Our inventory at the end of the fourth quarter was $1.447 billion, flattish from the prior quarter. We generated $1.959 billion in operational cash flow, which includes the impact of a $345 million payment to fund our legacy pension plan in the U.S. Free cash flow in the fourth quarter was $1.726 billion or 35.6% of net revenue. I am pleased that even with the impact from the pension payment, which is approximately 7% net revenue, we were able to drive free cash flow conversion above the 35% target we'd set last year.

Capital expenditure on the fourth quarter was $233 million or 4.8% of net revenue. As we have indicated on prior calls, we expect overall CapEx to decline meaningfully starting in 2018. We expect CapEx to approach our long-term target of 3% of net revenue in the second half of Fiscal '18. Moving on to additional items in the cash flow statement.

A total of $439 million in cash was spent on the company dividend and partnership distribution payments in the fourth quarter. We received approximately $4 billion from the issuance of long-term debt to finance the Brocade acquisition. And we also received approximately $440 million from the sale and leaseback of the Irvine campus. We ended the fourth quarter with a cash balance of $11.2 billion, but I would note that cash balance is at an elevated level through the fourth quarter in anticipation of closing the acquisition of Brocade.

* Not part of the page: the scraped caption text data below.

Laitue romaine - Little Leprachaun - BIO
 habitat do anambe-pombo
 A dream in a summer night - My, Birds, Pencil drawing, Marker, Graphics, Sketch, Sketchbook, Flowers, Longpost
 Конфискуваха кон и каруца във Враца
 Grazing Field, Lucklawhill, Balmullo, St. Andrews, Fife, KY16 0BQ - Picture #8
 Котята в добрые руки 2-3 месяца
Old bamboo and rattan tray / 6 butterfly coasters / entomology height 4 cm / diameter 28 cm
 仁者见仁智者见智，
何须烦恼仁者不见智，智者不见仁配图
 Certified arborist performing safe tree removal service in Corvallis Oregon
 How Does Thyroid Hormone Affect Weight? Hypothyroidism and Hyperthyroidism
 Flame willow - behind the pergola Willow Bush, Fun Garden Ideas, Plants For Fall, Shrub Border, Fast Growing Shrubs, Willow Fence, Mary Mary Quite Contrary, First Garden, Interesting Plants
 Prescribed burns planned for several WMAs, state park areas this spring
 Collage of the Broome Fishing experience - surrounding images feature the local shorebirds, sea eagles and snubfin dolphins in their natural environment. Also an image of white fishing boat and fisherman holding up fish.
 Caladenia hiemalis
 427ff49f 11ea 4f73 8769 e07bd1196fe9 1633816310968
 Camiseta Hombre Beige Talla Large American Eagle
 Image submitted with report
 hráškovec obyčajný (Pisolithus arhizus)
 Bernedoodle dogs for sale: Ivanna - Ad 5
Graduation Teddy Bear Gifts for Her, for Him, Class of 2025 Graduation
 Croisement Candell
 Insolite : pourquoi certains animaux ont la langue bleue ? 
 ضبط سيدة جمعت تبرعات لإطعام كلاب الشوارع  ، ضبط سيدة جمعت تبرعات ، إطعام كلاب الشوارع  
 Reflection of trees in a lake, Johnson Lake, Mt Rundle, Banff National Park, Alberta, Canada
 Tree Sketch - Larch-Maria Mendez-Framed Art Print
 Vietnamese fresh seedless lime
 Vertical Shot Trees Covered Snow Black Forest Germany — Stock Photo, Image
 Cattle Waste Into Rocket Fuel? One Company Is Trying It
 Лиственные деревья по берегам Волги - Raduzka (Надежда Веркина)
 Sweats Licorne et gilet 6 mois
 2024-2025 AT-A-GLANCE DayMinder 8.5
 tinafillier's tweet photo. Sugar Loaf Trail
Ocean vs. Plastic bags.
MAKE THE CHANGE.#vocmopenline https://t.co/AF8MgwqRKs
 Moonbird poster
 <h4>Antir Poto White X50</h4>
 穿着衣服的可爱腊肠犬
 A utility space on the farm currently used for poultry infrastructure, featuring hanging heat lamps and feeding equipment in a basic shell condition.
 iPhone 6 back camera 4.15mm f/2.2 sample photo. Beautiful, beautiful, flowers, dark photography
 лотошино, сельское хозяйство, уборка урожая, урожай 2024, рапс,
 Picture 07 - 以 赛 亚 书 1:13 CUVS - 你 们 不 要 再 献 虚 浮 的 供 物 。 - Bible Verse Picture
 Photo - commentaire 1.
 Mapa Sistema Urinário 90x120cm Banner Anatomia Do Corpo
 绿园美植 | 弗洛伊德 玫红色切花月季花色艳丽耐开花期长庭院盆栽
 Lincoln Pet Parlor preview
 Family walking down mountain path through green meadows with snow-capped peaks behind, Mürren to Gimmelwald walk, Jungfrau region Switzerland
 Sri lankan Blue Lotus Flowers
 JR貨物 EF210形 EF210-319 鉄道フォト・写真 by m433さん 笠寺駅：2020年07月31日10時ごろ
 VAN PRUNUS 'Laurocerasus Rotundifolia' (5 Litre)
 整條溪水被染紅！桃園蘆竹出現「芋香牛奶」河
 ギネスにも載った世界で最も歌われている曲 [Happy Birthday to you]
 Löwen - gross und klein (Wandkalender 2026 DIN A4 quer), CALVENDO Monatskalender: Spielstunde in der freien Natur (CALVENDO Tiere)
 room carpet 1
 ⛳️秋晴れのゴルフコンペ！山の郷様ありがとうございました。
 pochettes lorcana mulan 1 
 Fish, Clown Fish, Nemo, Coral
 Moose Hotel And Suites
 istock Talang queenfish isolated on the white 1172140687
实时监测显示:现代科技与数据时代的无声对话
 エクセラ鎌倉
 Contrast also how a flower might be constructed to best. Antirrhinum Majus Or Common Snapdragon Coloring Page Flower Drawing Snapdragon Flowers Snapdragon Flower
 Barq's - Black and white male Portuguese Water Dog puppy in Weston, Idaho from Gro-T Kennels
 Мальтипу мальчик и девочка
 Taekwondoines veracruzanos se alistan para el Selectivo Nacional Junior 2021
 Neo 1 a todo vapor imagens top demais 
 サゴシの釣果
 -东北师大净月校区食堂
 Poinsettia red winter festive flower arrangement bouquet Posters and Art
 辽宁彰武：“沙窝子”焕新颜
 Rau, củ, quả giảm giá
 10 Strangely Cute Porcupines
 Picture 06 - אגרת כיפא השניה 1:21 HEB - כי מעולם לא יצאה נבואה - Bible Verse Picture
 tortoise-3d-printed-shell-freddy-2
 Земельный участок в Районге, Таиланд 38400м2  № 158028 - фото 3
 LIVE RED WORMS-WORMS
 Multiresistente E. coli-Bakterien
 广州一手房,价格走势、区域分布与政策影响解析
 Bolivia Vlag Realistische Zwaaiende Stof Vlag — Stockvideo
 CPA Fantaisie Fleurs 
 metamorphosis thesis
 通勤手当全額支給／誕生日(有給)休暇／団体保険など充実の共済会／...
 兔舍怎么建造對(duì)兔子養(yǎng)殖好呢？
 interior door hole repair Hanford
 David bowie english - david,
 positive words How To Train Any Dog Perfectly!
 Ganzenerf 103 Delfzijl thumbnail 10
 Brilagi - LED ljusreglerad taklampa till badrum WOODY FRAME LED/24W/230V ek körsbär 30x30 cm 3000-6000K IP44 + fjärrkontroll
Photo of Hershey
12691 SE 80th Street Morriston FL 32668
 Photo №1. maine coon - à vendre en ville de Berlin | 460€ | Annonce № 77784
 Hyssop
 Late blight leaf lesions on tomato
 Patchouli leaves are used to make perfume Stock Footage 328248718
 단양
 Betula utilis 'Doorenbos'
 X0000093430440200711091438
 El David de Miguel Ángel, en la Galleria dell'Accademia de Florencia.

Now let me turn to our non-GAAP guidance for the first quarter of Fiscal Year 2018, which includes expected contributions from Brocade's Fibre Channel SAN business for a portion of the quarter. Also to note, this is a 14-week fiscal quarter. This guidance reflects our current assessment of business conditions, and we do not intend to update this guidance. This guidance is for results from continuing operations only.

Net revenue is expected to be $5.3 billion, plus or minus $75 million. Gross margin is expected to be 64%, plus or minus 1 percentage point. Operating expenses are estimated to be approximately $900 million. Tax provision is forecasted to be approximately $106 million.

Net interest expense and other is expected to be approximately $126 million. The diluted share count forecast is for 458 million shares. Share-based compensation expense will be approximately $300 million. CapEx will be approximately $210 million.

And as a reminder, our first quarter is generally a weaker quarter for operating cash flow due to the payment of our annual employee bonuses relating to the prior fiscal year. In addition, we do expect to start incurring cash restructuring expenses related to integrating Brocade. OK. Finally, before we open up the call for questions, I do want to briefly address where we stand on redomiciliation and Qualcomm.

First, on redomiciliation. On November 2, I think as everybody knows, we announced our intent to initiate a redomiciliation process to change the parent company of the Broadcom corporate group from a Singapore company to a U.S. corporation. The redomiciliation will occur whether or not there is corporate tax reform in the United States.

The redomiciliation is subject to a shareholder vote and is expected to be effected in a manner intended to be tax-free to shareholders. We are confident that our shareholders will support this move. The final form and timing of the redomiciliation and the shareholder vote will depend in part on tax reform efforts in the United States. On the Qualcomm front, on November 6, we made a proposal to acquire Qualcomm for a per-share consideration of $70 in cash and stock.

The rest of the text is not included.